Desperate Conditions Ahead for the Caravan

My phone rang in our hotel room at 4:15am Tuesday morning. It was Francisco: “Como estas, Kim? Voy a llegar at 4:45 ok?” We think he called to make sure we would actually be awake when he arrived to pick us up at our Tapachula hotel. I met Francisco the day I arrived in Tapachula because he was the taxi driver who took me from the airport to my hotel. On that ride, I told him I was there to support the Caminata, and he replied “Todos somos iguales bajo dios.”  We are all the same under God. Then he said he wanted to help too.

As planned, Francisco arrived at 5am with his wife, Ysania, and their four year old daughter, Ambar. We started the day at the Tapachula public market where we bought vegetables, rice, oil, chiles and chicken before heading to the house of Francisco’s sister, Veronica.

Picking up the chicken from a truck that had just arrived from el campo.

When we arrived at Veronica’s house, she was ready for us. Water was boiling over two fires in the yard and we got right to work chopping the vegetables and chicken. No shortcuts. The sauce was made from fresh chiles and tomatoes. The rice was cleaned and washed, then toasted in oil before adding the water and vegetables. The 1250 tortillas had to be warm from the tortilla maker. This food for the masses was made with the same love and care that went into food for the family.

The smoke from the fires made Ysania’s eyes water and she laughed when I took her photo: “La gente pensara que los mexicanos son bebes llorones.”

After everything was perfectly cooked and seasoned, we loaded the troughs of chicken and rice into the back of a pick up and headed 20 miles north to Huitxla, where the members of the Caravan had slept the night before. Within seconds of our arrival in the town square, a long line formed at the back of our truck bed. People were hungry, thousands of them. Huitxla is a poor community and there were no NGOs there except for those couple of Red Cross vans.

For awhile, there was joy and gratitude for the wonderful food our Mexican friends had prepared. We fed 400 people with just a few hours work and less than $150.
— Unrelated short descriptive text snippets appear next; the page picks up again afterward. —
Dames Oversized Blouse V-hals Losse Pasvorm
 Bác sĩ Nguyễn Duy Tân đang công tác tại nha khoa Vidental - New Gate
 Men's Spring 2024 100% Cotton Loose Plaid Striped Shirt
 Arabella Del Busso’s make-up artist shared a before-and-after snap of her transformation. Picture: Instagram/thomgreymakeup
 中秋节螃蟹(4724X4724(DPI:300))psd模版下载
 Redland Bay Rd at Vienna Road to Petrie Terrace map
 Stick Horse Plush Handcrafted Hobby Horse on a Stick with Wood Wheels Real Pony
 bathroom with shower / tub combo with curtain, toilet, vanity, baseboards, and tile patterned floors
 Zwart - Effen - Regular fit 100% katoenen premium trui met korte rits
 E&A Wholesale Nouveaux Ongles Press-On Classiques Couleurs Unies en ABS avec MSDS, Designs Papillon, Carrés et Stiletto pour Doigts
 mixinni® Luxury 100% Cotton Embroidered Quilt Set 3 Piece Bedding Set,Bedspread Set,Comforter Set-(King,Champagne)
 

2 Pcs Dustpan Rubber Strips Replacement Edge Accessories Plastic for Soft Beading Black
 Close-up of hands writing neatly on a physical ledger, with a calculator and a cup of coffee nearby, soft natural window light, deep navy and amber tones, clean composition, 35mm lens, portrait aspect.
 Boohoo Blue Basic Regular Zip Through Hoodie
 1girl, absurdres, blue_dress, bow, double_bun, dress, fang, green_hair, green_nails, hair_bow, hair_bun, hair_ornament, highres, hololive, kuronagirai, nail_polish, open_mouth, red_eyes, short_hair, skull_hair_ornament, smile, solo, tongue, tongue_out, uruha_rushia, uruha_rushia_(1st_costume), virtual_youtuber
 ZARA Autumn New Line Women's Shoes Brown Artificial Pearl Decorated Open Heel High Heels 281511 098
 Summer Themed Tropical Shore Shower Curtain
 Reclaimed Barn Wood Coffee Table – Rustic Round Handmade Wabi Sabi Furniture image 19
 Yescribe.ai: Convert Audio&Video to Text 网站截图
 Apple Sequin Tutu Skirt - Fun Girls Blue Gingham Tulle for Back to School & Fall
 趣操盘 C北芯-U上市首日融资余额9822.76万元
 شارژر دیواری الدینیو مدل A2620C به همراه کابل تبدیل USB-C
But much too soon, the food was gone with so many people still in line, hungry, hoping for any kind of sustenance. Our ride back to Tapachula was quiet.

The next 200 miles of the Caminata’s path is through poor villages. There is no government help. There are no NGOs following them. We wonder how they will eat, where they will get water. We know there are so many Mexicans like Francisco and Ysania and Veronica, but they are also struggling to feed their families.

Please world…make the relief of human suffering more important.





  1. The world is off-kilter and I feel like I’m in an apocalyptic science fiction movie, seeing environmental destruction, the loss of human values and the loss of kindness, empathy and our collective family. Thank you for helping and big love to Francisco and his family – they are beautiful examples of giving. Even if the Carminata’s path ahead is through poor villages and no NGO’s – YOU have alleviated hunger for many for one day and shown them compassion and love. Take care my dear friend.

  2. Thank you for helping and I hate that well to do Americans chear at the thought of turning this group of desperate and needy people away- that SHOULD NOT be my fellow citizens’ reaction here. It isn’t the way we feel for many of us… we would welcome them and help them, but it isn’t up to us right now. and it breaks my heart to see. All we can do is Vote and hope for change and try to do what we can personally

  3. As I am reading this with a knot in my gut. I am about to put my daughter down to sleep! I can’t even bear to imagine what these people are going through..what can I do help???? Send you money? Kim you are a brave kind women and I’m so truly grateful for your exposure! God Bless you on this journey and the the other families who are trying to make a better life for themselves and kids!